[Study material Boundary: Start]

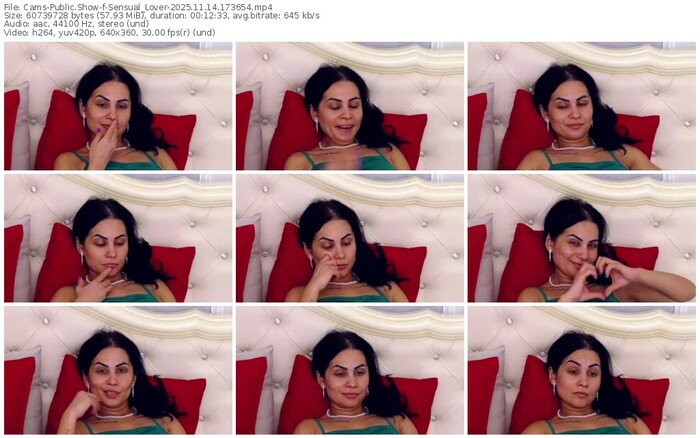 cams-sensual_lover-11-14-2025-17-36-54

[Study material Boundary: End]
[Study material Boundary: Start]

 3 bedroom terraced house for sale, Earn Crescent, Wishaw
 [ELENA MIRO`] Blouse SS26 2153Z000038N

[Study material Boundary: End]
[Study material Boundary: Start]

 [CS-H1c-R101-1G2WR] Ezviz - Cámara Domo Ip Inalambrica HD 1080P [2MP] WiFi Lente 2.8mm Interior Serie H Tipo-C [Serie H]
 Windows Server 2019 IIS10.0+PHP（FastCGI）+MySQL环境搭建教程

[Study material Boundary: End]

__What is needed__.
Would you quote everything above from the line containing "3 bedroom terraced" down to the line containing "Blouse SS26 2153Z000038N"? Include both of those lines and nothing else.

__Exercise output__.
 3 bedroom terraced house for sale, Earn Crescent, Wishaw
 [ELENA MIRO`] Blouse SS26 2153Z000038N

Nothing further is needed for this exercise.